INSTRUCTIONS TO FOLLOW> Using the data below, copy out all lines with the word "Mesh".

* * * *

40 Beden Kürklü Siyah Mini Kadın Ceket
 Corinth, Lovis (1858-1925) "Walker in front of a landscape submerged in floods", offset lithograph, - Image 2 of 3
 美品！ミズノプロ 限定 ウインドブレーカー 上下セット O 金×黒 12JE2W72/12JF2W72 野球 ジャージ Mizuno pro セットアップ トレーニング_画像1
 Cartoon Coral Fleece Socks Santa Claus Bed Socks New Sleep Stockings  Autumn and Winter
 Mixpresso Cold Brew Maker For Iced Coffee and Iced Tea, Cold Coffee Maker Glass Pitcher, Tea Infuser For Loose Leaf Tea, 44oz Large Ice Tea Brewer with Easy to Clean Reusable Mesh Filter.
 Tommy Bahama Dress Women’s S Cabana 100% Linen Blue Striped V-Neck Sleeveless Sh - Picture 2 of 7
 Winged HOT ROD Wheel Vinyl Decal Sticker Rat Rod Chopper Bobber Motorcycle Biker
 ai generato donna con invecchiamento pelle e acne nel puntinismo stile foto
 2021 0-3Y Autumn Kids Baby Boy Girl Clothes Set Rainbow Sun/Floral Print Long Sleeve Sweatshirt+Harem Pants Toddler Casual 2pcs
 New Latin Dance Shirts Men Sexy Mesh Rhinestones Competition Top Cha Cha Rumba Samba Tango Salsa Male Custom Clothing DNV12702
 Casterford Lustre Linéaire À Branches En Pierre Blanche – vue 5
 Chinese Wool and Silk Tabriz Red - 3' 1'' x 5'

* * * *

RESULT>
 Mixpresso Cold Brew Maker For Iced Coffee and Iced Tea, Cold Coffee Maker Glass Pitcher, Tea Infuser For Loose Leaf Tea, 44oz Large Ice Tea Brewer with Easy to Clean Reusable Mesh Filter.
 New Latin Dance Shirts Men Sexy Mesh Rhinestones Competition Top Cha Cha Rumba Samba Tango Salsa Male Custom Clothing DNV12702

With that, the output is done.